Aide sociale : être pénalisé financièrement par amour
Une personne qui reçoit de l’aide sociale et qui cohabite avec un amoureux est automatiquement pénalisée financièrement, déplore le Réseau d’information et d’aide aux personnes assistées sociales. L’organisme a profité de la Saint-Valentin pour dénoncer cette perte de revenus décriée depuis des années qui est encore plus d’actualité aujourd’hui dans le contexte de la crise du logement, selon la directrice Linda Gervais.
Le problème, selon elle, c’est qu’au bout d’un an de cohabitation, si deux personnes qui reçoivent de l’aide sociale sont reconnues comme un couple, elles recevront une prestation de couple plutôt que deux prestations individuelles. Selon l’organisme de Châteauguay, avant d’être considérées comme un couple, chacune des personnes recevait une prestation de 807 $ par mois, pour un total 1 614 $ pour les deux. Or, la prestation de couple est plutôt de 1 224 $, ce qui représente une coupure de 390 $ par mois.

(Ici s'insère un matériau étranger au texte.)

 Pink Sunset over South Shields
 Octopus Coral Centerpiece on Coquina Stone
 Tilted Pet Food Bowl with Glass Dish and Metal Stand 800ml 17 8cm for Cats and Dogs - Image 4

Les couples formés d’une personne qui reçoit de l’aide sociale et d’une autre qui travaille à temps plein sont aussi désavantagés puisque la prestation d’aide sociale de la personne sera éventuellement coupée. «Une personne qui travaille au salaire minimum et qui n’arrive même pas à subvenir à ses propres besoins devient alors responsable de son conjoint après un an de cohabitation», explique Mme Gervais.
Les femmes victimes de violence conjugale
L’organisme La Re-Source qui vient en aide aux femmes victimes de violence conjugale, était présent aux côtés du RIAPAS pour dénoncer les iniquités de l’aide sociale. Des femmes qui vivent dans un contexte de violence conjugale se retrouvent dans un cercle vicieux puisqu’elles n’ont pas accès à l’aide sociale tant qu’elles n’ont pas quitté le milieu familial, sinon l’aide sociale considère le revenu du couple et le couple doit signer la demande.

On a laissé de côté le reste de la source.